I've noticed that the EA community has been aggressively promoting longtermism and longtermist causes:
- The huge book tour around What We Owe the Future, which promotes longtermism itself
- There was a recent post claiming that 80k's messaging is discouraging to non-longtermists, although the author deleted (Benjamin Hilton's response is preserved here). The post observed that 80k lists x-risk related causes as "recommended" causes while neartermist causes like global poverty and factory farming are only "sometimes recommended". Further, in 2021, 80k put together a podcast feed called Effective Altruism: An Introduction, which many commenters complained was too skewed towards longtermist causes.
I used to think that longtermism is compatible with a wide range of worldviews, as these pages (1, 2) claim, so I was puzzled as to why so many people who engage with longtermism could be uncomfortable with it. Sure, it's a counterintuitive worldview, but it also flows from such basic principles. But I'm starting to question this - longtermism is very sensitive to the rate of pure time preference, and recently, some philosophers have started to argue that nonzero pure time preference can be justified (section "3. Beyond Neutrality" here).
By contrast, x-risk as a cause area has support from a broader range of moral worldviews:
- Chapter 2 of The Precipice discusses five different moral justifications for caring about x-risks (video here).
- Carl Shulman makes a "common-sense case" for valuing x-risk reduction that doesn't depend on there being any value in the long-term future at all.
Maybe it's better to take a two-pronged approach:
- Promote x-risk reduction as a cause area that most people can agree on; and
- Promote longtermism as a novel idea in moral philosophy that some people might want to adopt, but be open about its limitations and acknowledge that our audiences might be uncomfortable with it and have valid reasons not to accept it.
I still feel it is compatible with a large range of moral views. I remember having a conversation at an EAG a few years ago with:
And the convo went a little like this:
GH-EA: It's pretty hard for me to take longtermism seriously.. helping people who don't exist yet.. I don't really feel like I'm "helping" or could be
LT-EA: Yeah it is hard. It was hard for me too and sometimes it's still hard although it makes sense. I try to keep myself motivated anyway though [assume he was talking about warm fuzzies vs utilons, working on a good team, etc]
ME-EA: Oh really? I think I don't find it hard at all. In animal welfare I never imagined I was helping present animals. I always realized we weren't going to free farm animals, but prevent farmed animals from being born and living lives of suffering. I never thought I was helping anyone to exist, but I was changing the future to be better.
All 3 of us: Huh. [Note: the LT-EA still seemed to find this more interesting than the GH-EA]
I've thought about that convo a lot since then and feel it offers a clue... like some people come into the movement primed in some way but others don't. Or the EA movement itself or the experience of spending time in movement primes some people in some way but not others. But I can't really put my finger on it, and I assume there are plenty of ways to be primed vs not. And it's hard to tell who is who or where they or you will end up.

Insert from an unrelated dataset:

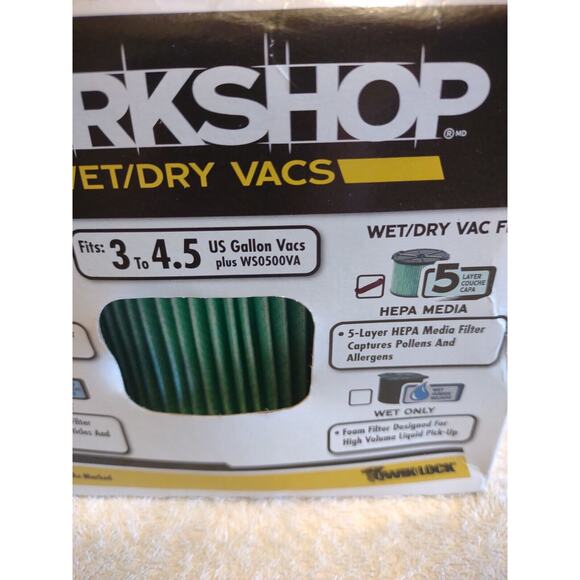 WORKSHOP WS13045F Wet Dry Vacuum HEPA filter replacement Media 3 to 4.5 gallon - Picture 2 of 5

That said it's kinda moot because now I believe (it sounds like you do too) that focusing on "longtermist causes" is probably also the best way to help nearterm people. I do want people to expand their moral circle to future sentient beings (of all kinds), but the most important thing is that the work gets done. So I don't talk that much about longtermism anymore. I don't think it's been very catalyzing to action, and I want neartermists and even self-interested people involved too.
And on the other side of the coin is, let's not act like longtermism is so rare...I mean it's basically why you've got parents saying "my altruism is raising my kid" or we've got the global push around climate change as a cause of human extinction. Most people already believe longtermism without that ever having been a word they heard. It makes sense evolutionarily that we'd care about the future of our own species I think. Tradeoffs between then-present health and wealth vs. future health and wealth were made many times in our evolutionary path, and those who prioritized [more descendants in future] got [more descendants in future] lol. There may be some people who kinda missed that code, but I think it's rare, and we should feel pretty confident it's rare.